### TASK ITEM
Output, word for word, each line from the one with "Mazak - Variaxis" through the end of the listing below, excluding every picture.

Start of Block

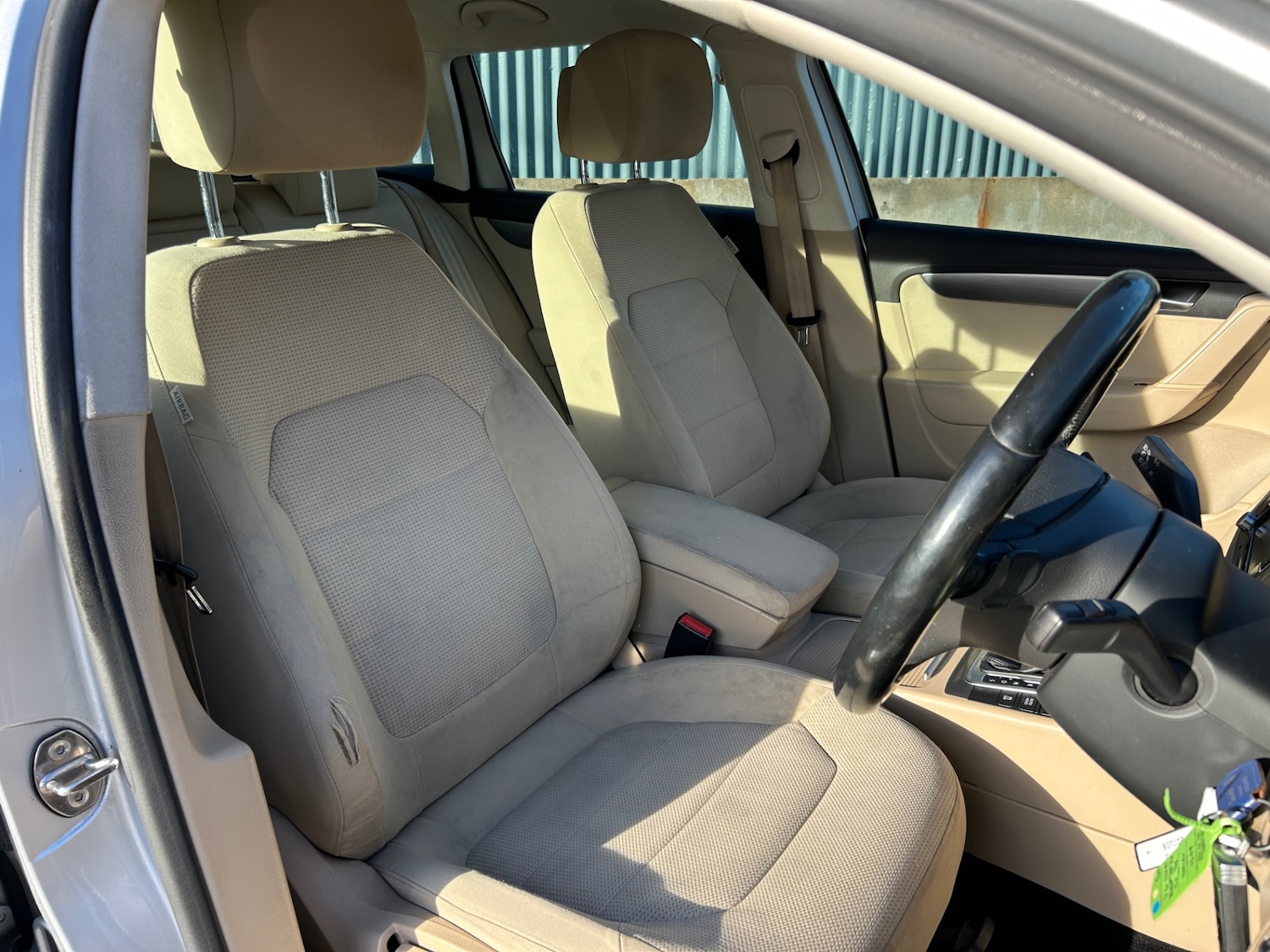 Used Volkswagen Passat 2011 for sale - 76205741: Photo 49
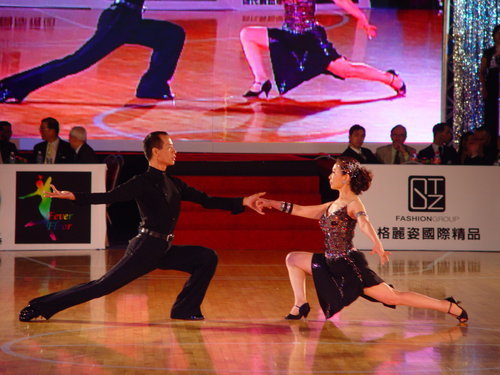 國際標準舞時代盃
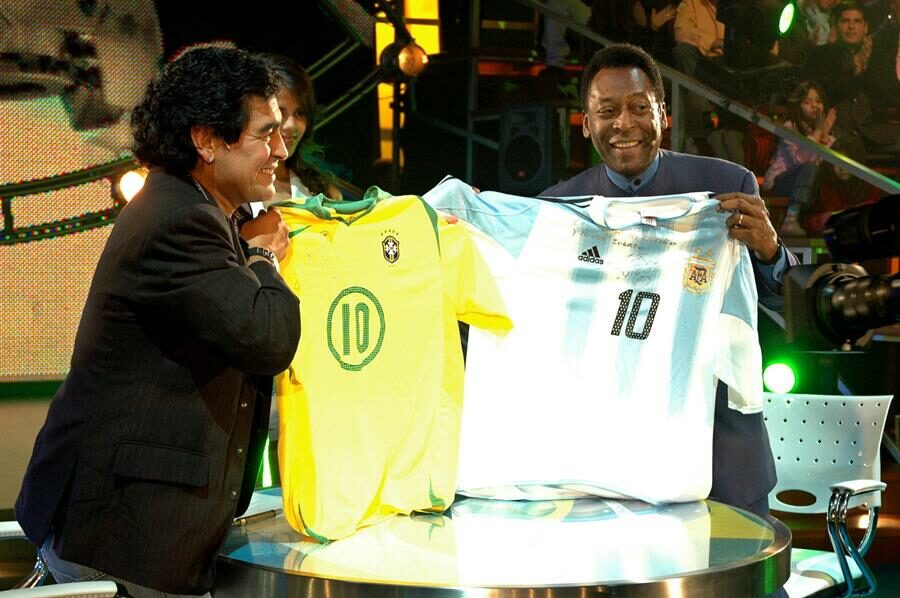 Pelé e Maradona trocam camisasdo futebol brasileiro e argentino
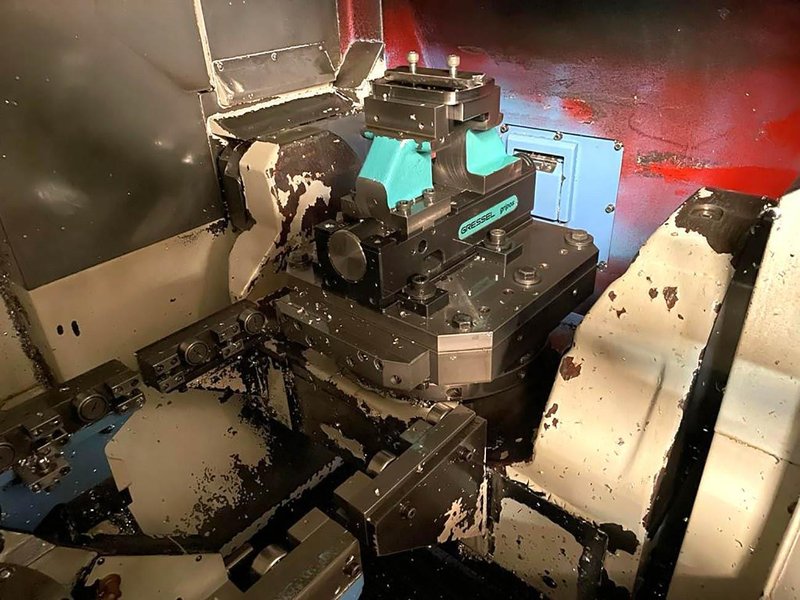Mazak - Variaxis 500-5X- X 510- Y 510- Z 460mm CNC 5 axes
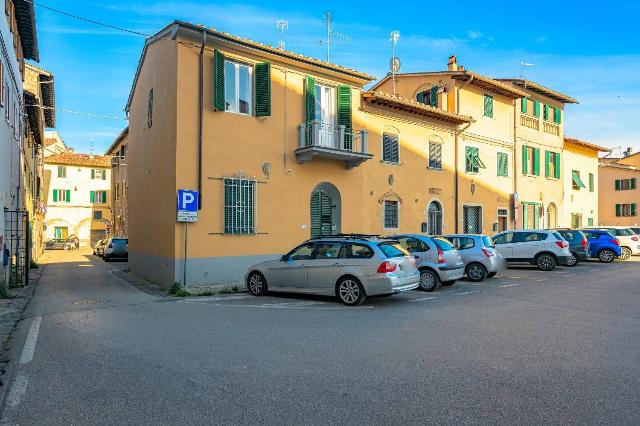 Mansion in Piazza San Lorenzo, Pistoia - Photo 1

End of Block

### ANSWER TO THE PROBLEM
Mazak - Variaxis 500-5X- X 510- Y 510- Z 460mm CNC 5 axes
 Mansion in Piazza San Lorenzo, Pistoia - Photo 1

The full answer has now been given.